BEGIN DATA FOR ANALYSIS
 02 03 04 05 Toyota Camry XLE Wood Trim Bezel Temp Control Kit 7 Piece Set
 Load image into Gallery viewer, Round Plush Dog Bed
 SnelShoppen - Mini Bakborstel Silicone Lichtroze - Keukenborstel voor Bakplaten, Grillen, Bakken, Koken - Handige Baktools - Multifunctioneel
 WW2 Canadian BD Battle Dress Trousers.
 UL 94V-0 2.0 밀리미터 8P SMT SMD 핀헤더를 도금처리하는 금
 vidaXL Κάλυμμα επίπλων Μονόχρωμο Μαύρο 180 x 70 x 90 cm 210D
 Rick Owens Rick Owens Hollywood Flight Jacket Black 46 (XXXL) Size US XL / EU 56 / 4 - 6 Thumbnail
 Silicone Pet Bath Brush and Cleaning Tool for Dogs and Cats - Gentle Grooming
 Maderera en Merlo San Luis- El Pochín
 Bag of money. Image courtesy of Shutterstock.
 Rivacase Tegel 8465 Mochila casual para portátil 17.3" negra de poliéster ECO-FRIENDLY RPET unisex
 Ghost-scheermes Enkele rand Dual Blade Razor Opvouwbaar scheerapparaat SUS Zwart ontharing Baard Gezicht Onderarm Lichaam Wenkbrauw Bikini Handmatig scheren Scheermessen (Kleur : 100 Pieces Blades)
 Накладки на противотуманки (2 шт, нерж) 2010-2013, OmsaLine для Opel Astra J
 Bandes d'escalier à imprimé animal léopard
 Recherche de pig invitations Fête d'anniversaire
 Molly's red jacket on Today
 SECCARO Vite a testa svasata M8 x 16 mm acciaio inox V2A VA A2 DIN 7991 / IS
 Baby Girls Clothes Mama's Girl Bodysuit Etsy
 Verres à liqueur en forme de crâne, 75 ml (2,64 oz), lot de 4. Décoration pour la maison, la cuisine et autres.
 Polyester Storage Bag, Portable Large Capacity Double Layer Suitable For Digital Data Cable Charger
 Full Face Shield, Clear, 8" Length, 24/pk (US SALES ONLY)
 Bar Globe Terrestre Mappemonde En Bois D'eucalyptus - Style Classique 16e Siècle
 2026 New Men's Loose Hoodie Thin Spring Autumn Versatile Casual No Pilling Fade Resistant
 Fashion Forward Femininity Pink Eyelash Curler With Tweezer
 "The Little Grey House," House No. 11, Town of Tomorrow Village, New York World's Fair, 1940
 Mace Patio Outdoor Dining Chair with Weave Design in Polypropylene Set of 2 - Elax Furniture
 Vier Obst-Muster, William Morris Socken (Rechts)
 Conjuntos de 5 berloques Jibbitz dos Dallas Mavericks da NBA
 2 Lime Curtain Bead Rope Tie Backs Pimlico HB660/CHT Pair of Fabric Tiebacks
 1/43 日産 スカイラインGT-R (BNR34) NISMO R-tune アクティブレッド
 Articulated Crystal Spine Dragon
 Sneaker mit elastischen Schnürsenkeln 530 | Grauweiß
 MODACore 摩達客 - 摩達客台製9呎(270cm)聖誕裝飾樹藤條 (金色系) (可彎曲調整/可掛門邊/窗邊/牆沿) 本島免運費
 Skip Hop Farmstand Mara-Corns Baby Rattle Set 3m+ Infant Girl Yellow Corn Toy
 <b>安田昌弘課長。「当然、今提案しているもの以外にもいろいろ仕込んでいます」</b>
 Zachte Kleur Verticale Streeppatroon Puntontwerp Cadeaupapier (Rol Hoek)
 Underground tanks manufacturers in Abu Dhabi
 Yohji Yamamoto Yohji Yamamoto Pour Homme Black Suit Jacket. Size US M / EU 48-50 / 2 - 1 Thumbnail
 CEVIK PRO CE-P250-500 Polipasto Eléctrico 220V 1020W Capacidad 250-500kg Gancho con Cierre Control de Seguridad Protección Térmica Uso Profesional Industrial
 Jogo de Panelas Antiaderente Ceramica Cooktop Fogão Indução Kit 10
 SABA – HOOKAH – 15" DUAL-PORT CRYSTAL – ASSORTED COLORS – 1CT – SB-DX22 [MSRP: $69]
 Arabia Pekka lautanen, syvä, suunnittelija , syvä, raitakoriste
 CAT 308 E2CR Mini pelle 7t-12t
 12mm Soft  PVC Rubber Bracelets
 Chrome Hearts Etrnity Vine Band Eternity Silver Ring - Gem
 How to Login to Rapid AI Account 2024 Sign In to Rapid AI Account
END DATA FOR ANALYSIS
Return, word for word, the lines of the data above from the line with "Molly's red jacket on Today" through the line with "2026 New Men's", inclusive.

 Molly's red jacket on Today
 SECCARO Vite a testa svasata M8 x 16 mm acciaio inox V2A VA A2 DIN 7991 / IS
 Baby Girls Clothes Mama's Girl Bodysuit Etsy
 Verres à liqueur en forme de crâne, 75 ml (2,64 oz), lot de 4. Décoration pour la maison, la cuisine et autres.
 Polyester Storage Bag, Portable Large Capacity Double Layer Suitable For Digital Data Cable Charger
 Full Face Shield, Clear, 8" Length, 24/pk (US SALES ONLY)
 Bar Globe Terrestre Mappemonde En Bois D'eucalyptus - Style Classique 16e Siècle
 2026 New Men's Loose Hoodie Thin Spring Autumn Versatile Casual No Pilling Fade Resistant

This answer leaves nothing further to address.